There's a rare bug in binary search algorithms having to do with integer overflow in the calculation of the midpoint of the search range. See http://googleresearch.blogspot.com/2006/06/extra-extra-read-all-about-it-nearly.html
The offending code in PDL's vsearch is:
m = (jh+jl) >> 1;
where jh & jl are declared as having type PDL_Indx. At least on my 64bit linux box, PDL_Indx is declared as (signed) long. The fix (as per the above post) is to coerce them into unsigned longs, and then perform the shift, e.g.
m = ((unsigned PDL_Indx) jh + (unsigned PDL_Indx) jl) >> 1;
(which of course won't work).
It doesn't look like there's an unsigned version of PDL_Indx defined. To prevent future catastrophes, it'd be nice if that were done.
That blog post mentions that any divide-and-conquer function could possibly have the same bug.
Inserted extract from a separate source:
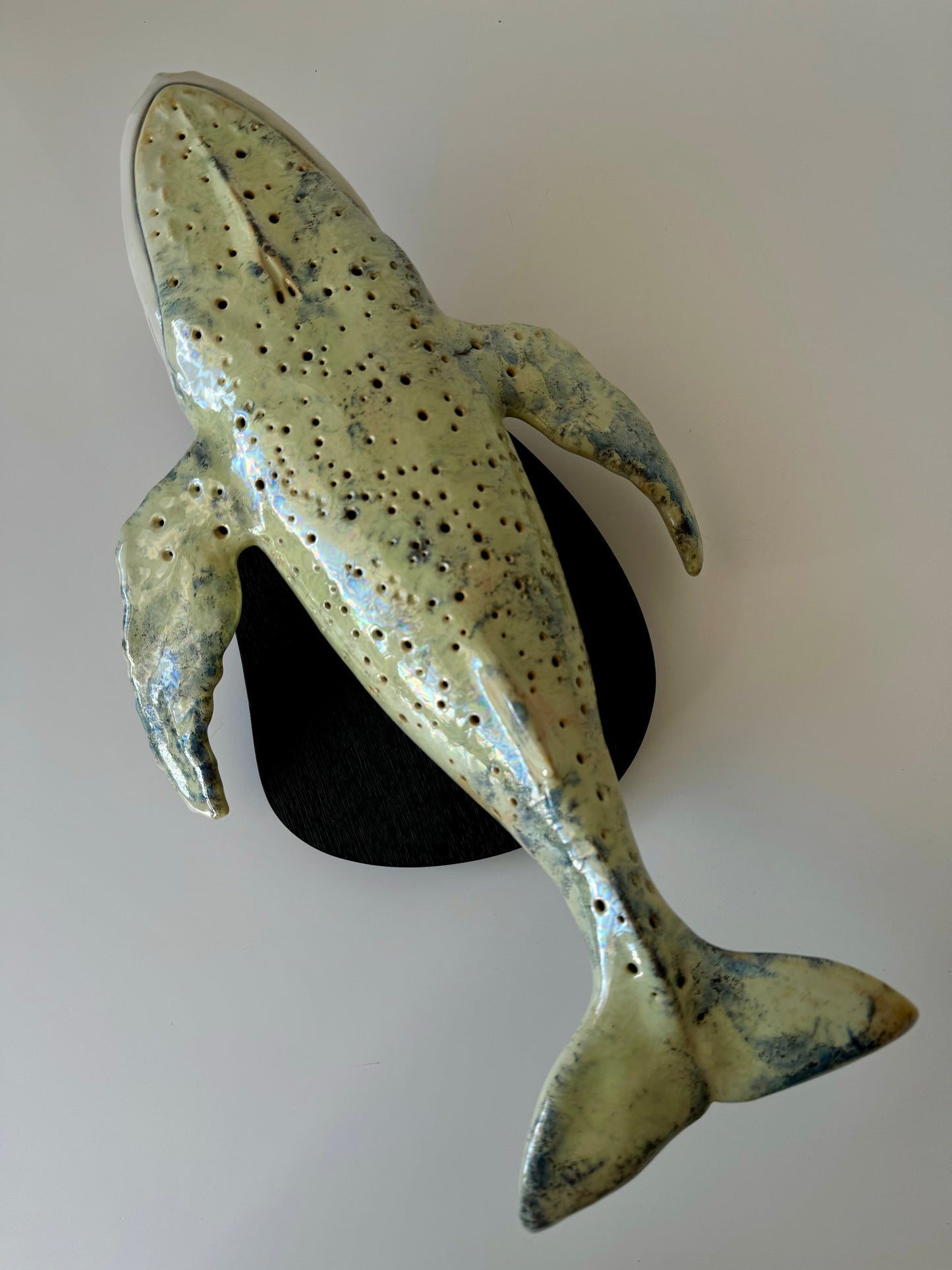 Porcelain Whale Lamp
We should also look at qsort & related subs: they all have a line that looks like "median = (i+j)/2". There may be others.
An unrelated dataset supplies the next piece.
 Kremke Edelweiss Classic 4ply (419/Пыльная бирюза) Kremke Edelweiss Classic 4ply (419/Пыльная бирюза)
I would categorize this as a "bug waiting to happen". :-)
My preference for a fix is the better alternative from the
blog post. It is clearer since it is explicit that the code
cannot overflow for non-negative values of low. The
version with (unsigned PDL_Indx) is less clear since the
behavior comes from mandated C language performance
in overflow.
mid = low + ((high - low) / 2);
We definitely could use code scrubbing to ensure this
isn't going to bite us somewhere else.
--Chris
Replacing the bit shift by an addition and a division operation results in a substantial performance hit. I've attached some test code. Here are the results of running it as
% time ./time 100 && time ./time 100 1
divide
real 0m15.859s
user 0m15.817s
sys 0m0.012s
shift
real 0m11.461s
user 0m11.433s
sys 0m0.004s
To be honest, without any comments, either version
mid = ((unsigned int)low + (unsigned int)high)) >> 1;
mid = low + ((high - low) / 2);
is unsatisfactory, and since both have to be documented, I'd choose the faster version over the slower one. Proper documentation about the effects of C unsigned integer overflow should alleviate any confusion about the code.
Fixed in git.
Thanks for the timing code. With -O3 I get essentially no difference in performance and there is no requirement to introduce an unsigned PDL_Indx datatype to "fix" the problem.
That said, improved types support for PDL3 should revisit this decision for development going forward.
Good catch on the optimization. Thanks.
Its in git for the future. Thanks for observing and reporting the problem.